Charlotte Laufkötter's most sensational publication to date was not about plastic waste, but about the consequences of climate change. In an article in the renowned journal "Science," she explained that heat waves in the world's oceans have become over 20 times more frequent due to human influence. They destroy ecosystems and damage fisheries. Worldwide, the media showed great interest in this article. The Bernese researcher gave an interview to the Japanese state television station NHK, among others. Despite all the attention, Charlotte Laufkötter says: "I don't want to be known for this publication, but for my own topic."
In fact, she has only dealt with marine heat waves relatively briefly -- on an academic excursion, so to speak. After a postdoc at Princeton University, the oceanographer was offered another postdoc position at the University of Bern. This was in the research group led by Thomas Frölicher, who has been working on ocean heat waves for some time. But Charlotte Laufkötter was actually in the starting blocks for setting up her own group. The topic: marine plastic pollution.
She bet on this research area when applying for a grant from the Swiss National Science Foundation (SNSF). Her reasoning: Although the topic is highly relevant to society, only a few researchers are working on it. To a certain extent, this is a unique selling point -- an advantage that shouldn’t be underestimated in the highly competitive academic job market. Charlotte Laufkötter's track record and her topic were convincing: In 2018, she received a coveted Ambizione fellowship from the SNSF. It runs for four years and allows her to set up her own small research group.
And to anyone who now thinks that Charlotte Laufkötter is only dealing with plastic waste because it was a hot topic: "I wouldn't deal with subjects that don't interest me personally and that don't seem relevant to me," she says.
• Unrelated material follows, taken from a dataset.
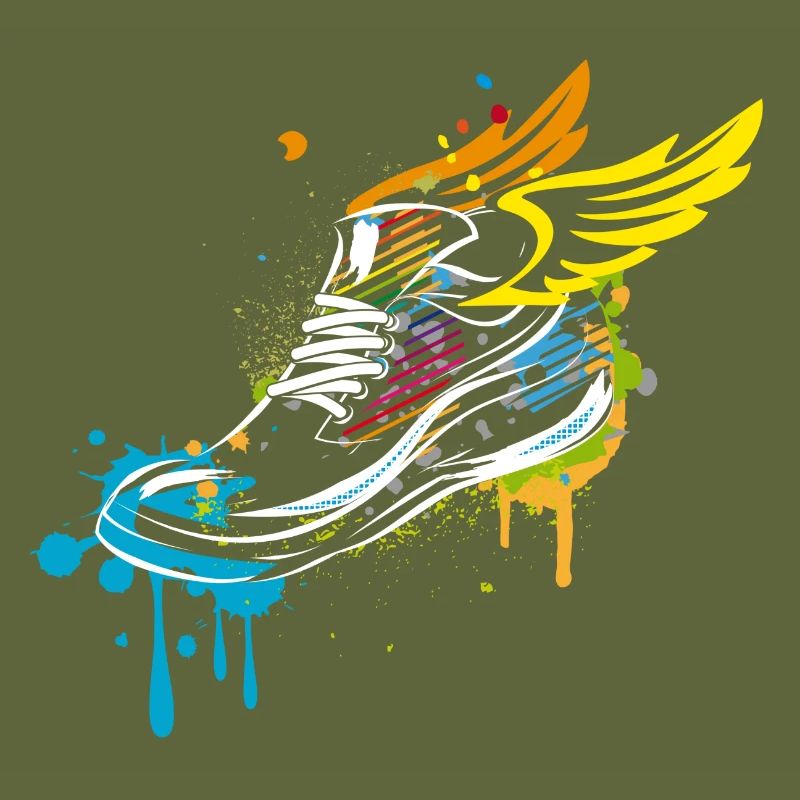 Sneaker graffiti avec des ailes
The ambitious researcher also sees scientific freedom as a kind of compensation. "At this stage, my career is very uncertain and requires a lot of sacrifices -- that has to be offset somehow!"
The modeler has long been planning the next step on the path that will one day lead to a permanent position as a professor -- if all goes well. She has applied to the European Research Council (ERC), the EU institution for funding outstanding scientists, as well as the SNSF's Eccellenza program, which funds SNSF professorships. Both proposals focus on the biological carbon cycle in the ocean. In a nutshell, Charlotte Laufkötter wants to better understand the transport of organic material, especially carbon, into the deep ocean. To do this, she plans to use data from the Argo mobile observing system of the world's oceans. It consists of a fleet of around 4,000 automated drifting buoys that measure temperature, salinity and currents. Increasingly, chemical and biological components are also being observed. Charlotte Laufkötter wants to combine this part of the so-called Argo-float data with models for her basic research.
Back to the child who imagined the sea. The dreamy enthusiasm of that time has given way to a very concrete passion. "What fascinates me so much about the ocean: It's all three-dimensional and is also influenced by the currents. You always have to think about the context there." Charlotte Laufkötter likes things that are complex rather than simple. She’s interested in the big picture rather than the details.